WHAT THE TASK ASKS. The copy should hold only the line containing "5PCS with Bell" and the lines after it through the end of the material, each exact, with no pictures.

MATERIAL PROVIDED.
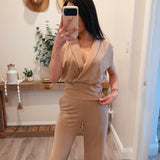 Taupe Sally Shawl Knit Top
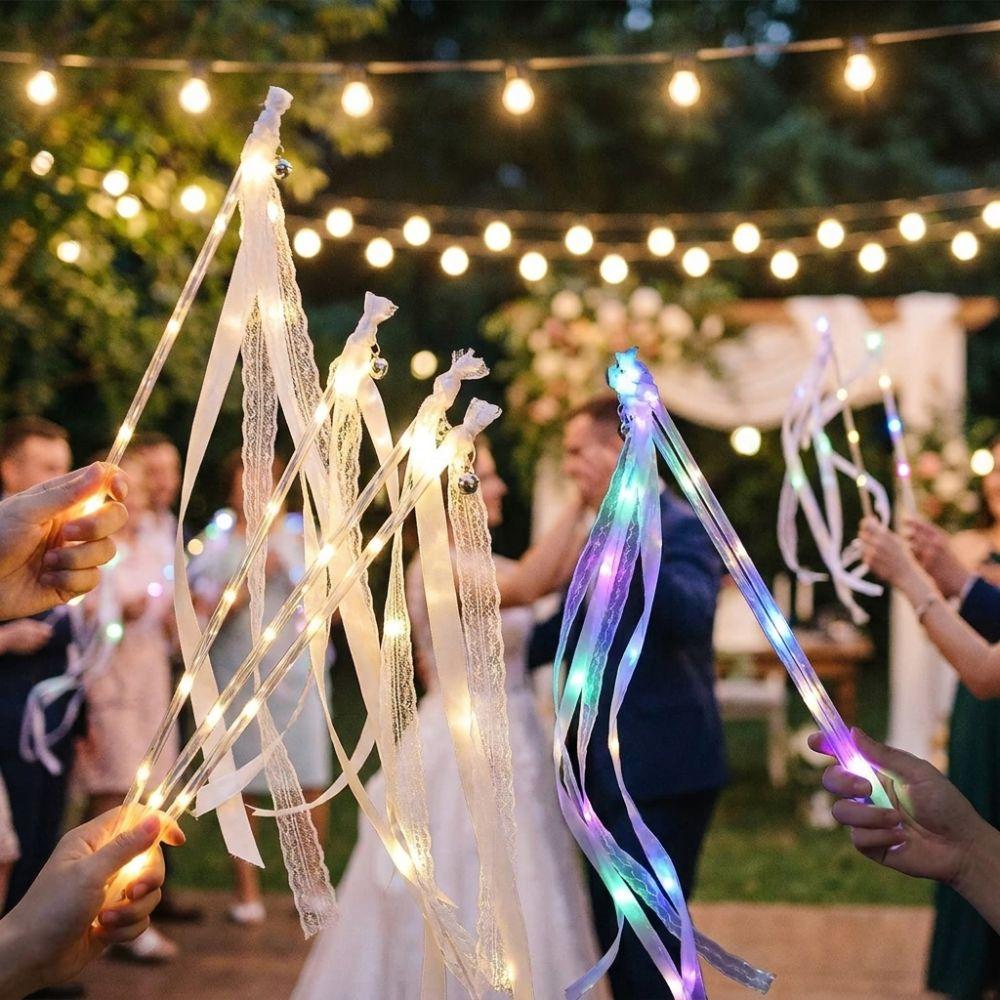 5PCS with Bell Wedding Ribbon Glow Wands Glow Flash String Light Ribbon Hand Sticks  Outdoor Lawn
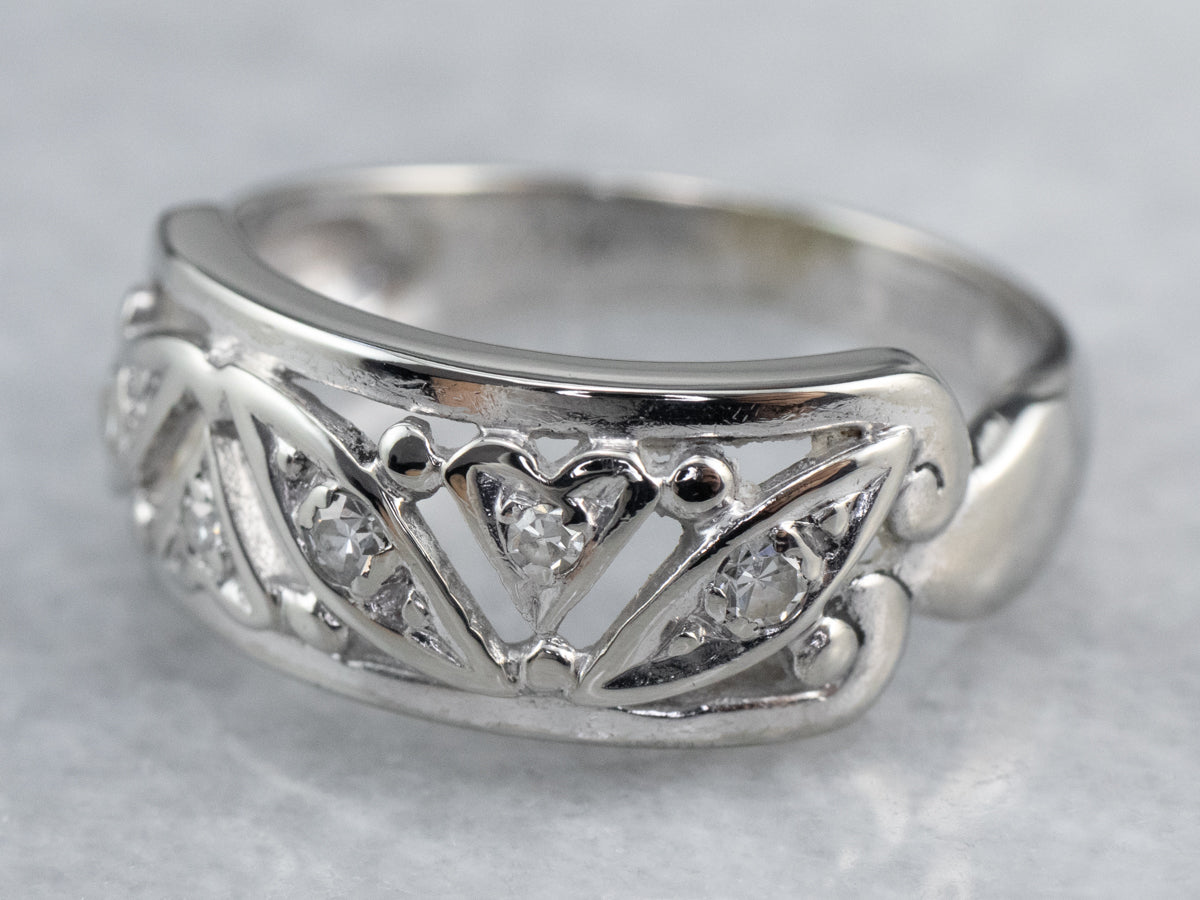 Diamond Hearts White Gold Band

RESPONSE.
 5PCS with Bell Wedding Ribbon Glow Wands Glow Flash String Light Ribbon Hand Sticks  Outdoor Lawn
 Diamond Hearts White Gold Band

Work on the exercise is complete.